◆ **Information supplied**
★ ★ ★ ★ ★ ★ ★

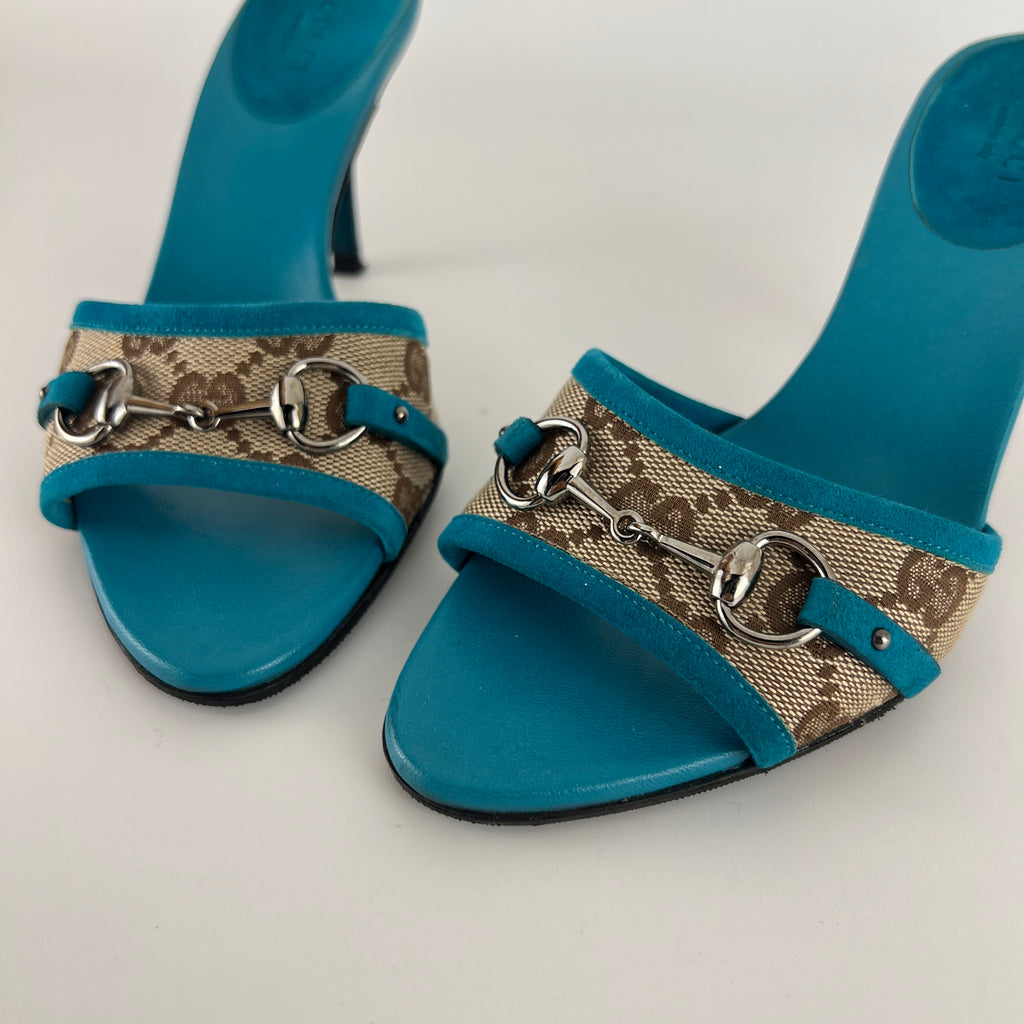 Gucci | Tom Ford Era Horse Bit Teal Blue Monogram GG Canvas Mules Rare (34)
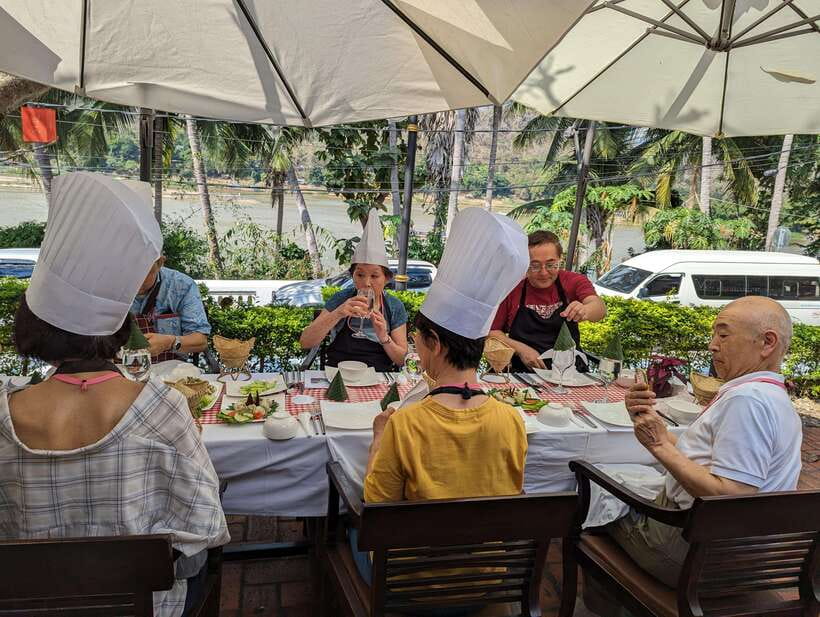 Luang Prabang: Cooking Class at the Former Royal Palace - Cooking Lao dishes on the Alame terrace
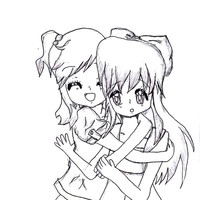 Desenho de Abraço de amigas para colorir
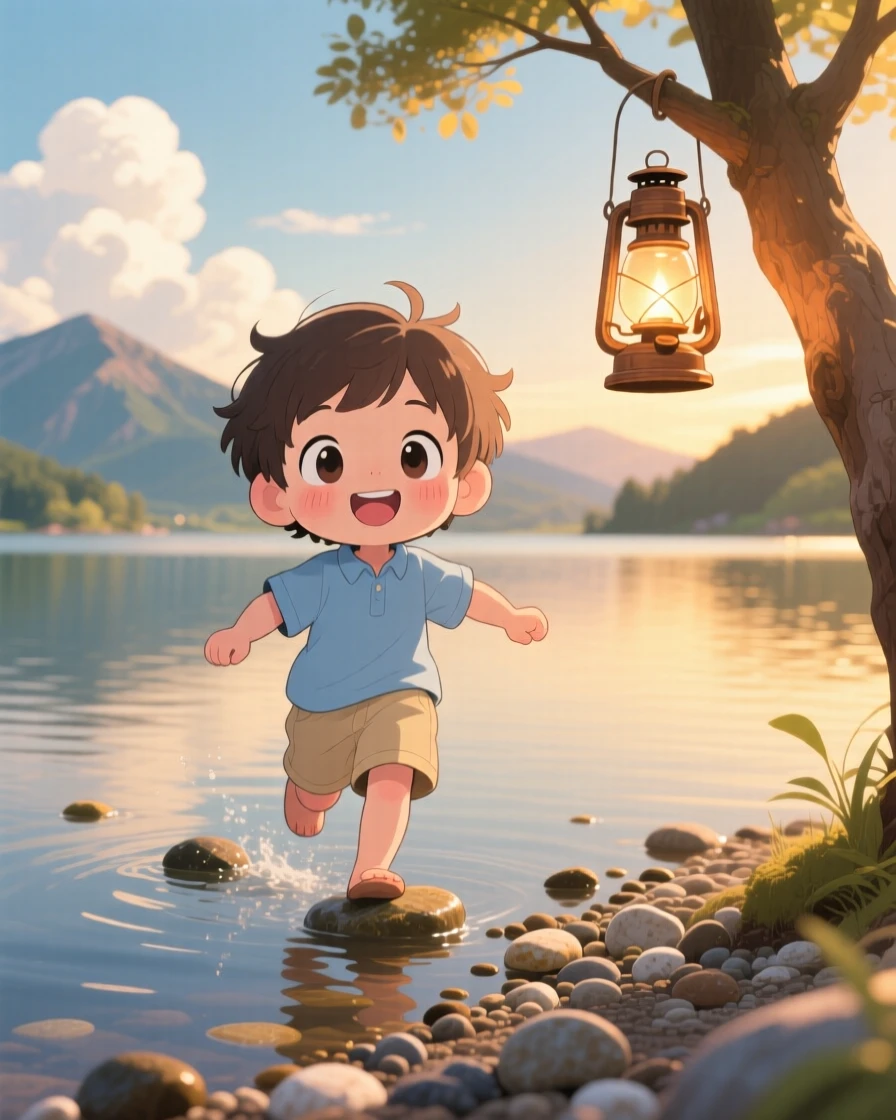 Medium shot: a small child, skipping stones across a calm lake, set against a mountain lake at golden hour beneath fluffy drifting clouds, with warm lamplight and a mood of giggling amusement.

★ ★ ★ ★ ★ ★ ★

◆ **Directions**
Which lines fall between the one containing "Desenho de Abraço de amigas para colorir" and the last line of the listing, both included? Give them again exactly, without the pictures.

◆ **Response to the exercise**
 Desenho de Abraço de amigas para colorir
 Medium shot: a small child, skipping stones across a calm lake, set against a mountain lake at golden hour beneath fluffy drifting clouds, with warm lamplight and a mood of giggling amusement.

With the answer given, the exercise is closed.